STA 6127 – Spring 2012
Homework 3/4 –Due 3/26/12
Analysis of Covariance
Using the cloud seeding data, complete the following problems for all tests use significance level). Fill in answers on this form, and include computer output.
The variables are: day, treatment (seeded=1, unseeded=0), test area mean, control area mean.
1)Use the 2-sample t-test to test whether there the true mean amount of rain differs between seeded and unseeded conditions in the test area.
2)Write out the model for the Analysis of Covariance, stating all parameters and their meanings (assume no interaction for this part and the next part).
3)Use the Analysis of Covariance to test whether the true mean amount of rain differs between the seeded and unseeded conditions, controlling for the amount of rain in the control area.

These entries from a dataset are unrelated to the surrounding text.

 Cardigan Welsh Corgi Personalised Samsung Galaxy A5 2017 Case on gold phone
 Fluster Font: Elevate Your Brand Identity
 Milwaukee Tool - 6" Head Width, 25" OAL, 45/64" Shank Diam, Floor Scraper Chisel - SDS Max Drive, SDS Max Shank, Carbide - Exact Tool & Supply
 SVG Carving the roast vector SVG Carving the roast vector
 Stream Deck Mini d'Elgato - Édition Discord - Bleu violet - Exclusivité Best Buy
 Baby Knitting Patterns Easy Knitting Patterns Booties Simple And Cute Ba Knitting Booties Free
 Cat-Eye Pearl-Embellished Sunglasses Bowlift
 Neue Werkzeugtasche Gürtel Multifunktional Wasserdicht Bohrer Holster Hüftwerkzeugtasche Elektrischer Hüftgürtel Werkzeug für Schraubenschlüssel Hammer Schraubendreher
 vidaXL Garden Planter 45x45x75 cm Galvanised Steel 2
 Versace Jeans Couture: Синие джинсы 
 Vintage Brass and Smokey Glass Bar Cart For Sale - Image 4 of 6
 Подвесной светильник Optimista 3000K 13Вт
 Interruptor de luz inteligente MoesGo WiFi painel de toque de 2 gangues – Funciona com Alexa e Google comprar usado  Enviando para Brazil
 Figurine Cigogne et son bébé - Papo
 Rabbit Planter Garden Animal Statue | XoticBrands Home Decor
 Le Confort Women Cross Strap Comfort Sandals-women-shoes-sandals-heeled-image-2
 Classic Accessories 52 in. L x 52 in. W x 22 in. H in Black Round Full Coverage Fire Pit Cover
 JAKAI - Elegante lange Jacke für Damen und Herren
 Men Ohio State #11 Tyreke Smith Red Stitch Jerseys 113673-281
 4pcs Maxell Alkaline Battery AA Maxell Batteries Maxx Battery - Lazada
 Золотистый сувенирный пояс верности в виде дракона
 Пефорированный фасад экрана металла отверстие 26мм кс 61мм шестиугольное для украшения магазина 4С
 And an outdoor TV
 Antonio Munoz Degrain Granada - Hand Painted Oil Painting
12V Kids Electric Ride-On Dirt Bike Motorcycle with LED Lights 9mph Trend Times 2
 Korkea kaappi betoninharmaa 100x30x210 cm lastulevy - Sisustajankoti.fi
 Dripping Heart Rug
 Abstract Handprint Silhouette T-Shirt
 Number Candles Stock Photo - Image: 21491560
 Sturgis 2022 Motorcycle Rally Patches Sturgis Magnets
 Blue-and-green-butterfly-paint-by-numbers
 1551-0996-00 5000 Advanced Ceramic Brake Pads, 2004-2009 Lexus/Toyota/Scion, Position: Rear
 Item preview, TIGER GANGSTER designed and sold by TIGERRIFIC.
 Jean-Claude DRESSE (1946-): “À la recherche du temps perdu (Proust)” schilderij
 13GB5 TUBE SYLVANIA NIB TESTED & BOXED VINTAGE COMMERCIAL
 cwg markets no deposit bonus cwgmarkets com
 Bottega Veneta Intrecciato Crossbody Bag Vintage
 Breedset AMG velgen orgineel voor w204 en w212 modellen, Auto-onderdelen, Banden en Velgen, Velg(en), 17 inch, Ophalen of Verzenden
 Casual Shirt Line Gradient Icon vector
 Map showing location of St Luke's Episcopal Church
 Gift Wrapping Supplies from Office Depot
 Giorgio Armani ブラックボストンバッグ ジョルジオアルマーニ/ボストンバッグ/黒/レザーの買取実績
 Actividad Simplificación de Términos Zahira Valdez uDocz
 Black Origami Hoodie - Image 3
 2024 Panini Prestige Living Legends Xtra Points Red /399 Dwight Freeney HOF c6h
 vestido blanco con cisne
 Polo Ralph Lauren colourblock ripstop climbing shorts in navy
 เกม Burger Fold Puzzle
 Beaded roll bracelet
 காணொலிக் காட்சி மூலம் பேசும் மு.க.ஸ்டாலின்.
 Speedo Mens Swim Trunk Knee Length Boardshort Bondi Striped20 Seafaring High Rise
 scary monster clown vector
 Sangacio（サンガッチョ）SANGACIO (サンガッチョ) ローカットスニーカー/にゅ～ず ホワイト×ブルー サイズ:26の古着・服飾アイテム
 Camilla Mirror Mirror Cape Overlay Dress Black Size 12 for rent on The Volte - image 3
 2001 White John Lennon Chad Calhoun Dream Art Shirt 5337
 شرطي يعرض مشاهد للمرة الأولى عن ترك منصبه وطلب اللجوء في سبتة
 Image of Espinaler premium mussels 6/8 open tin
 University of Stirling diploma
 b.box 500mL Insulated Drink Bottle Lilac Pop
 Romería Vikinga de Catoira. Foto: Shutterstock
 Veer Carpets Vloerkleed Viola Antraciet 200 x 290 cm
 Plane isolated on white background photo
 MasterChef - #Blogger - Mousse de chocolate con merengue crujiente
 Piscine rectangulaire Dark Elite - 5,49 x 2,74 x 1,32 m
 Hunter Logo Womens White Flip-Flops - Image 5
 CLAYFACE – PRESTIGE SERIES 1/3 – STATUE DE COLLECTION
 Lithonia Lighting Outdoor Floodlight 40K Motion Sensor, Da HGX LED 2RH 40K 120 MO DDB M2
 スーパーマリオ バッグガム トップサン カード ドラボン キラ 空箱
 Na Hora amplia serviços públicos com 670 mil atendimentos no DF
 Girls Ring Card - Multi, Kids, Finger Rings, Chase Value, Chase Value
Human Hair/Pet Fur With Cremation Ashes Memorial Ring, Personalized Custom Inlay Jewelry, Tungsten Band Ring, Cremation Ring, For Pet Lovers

4)Test whether there is an interaction between seeding condition and amount of rainfall in the control area.
Model Building
1)For the Crime data, we have the following variables (all are approximately the year 1990):
- Y = SERCRM (Total # of Serious Crimes in County/1000 Population)
- X1 = DO1619 (Percent Current HS DropoutsHigh School Dropouts – Ages 16-19)
- X2 = COLLDG25 (Percent Adults with College Degrees)
- X3 = PCInc(Per capita income in $1000s)
- X4 = PctPov (Percent of People Below Poverty Level in County)
- X5 = female head of household in poverty rate
a)Using Backward Elimination with SLS=0.10, which predictors do you include in your regression model?
b)Using Forward Selection with SLE=0.10, which predictors do you include in your regression model?
c)Using Stepwise Regression with SLE=0.100 and SLS=0.101, which predictors do you include in your regression model?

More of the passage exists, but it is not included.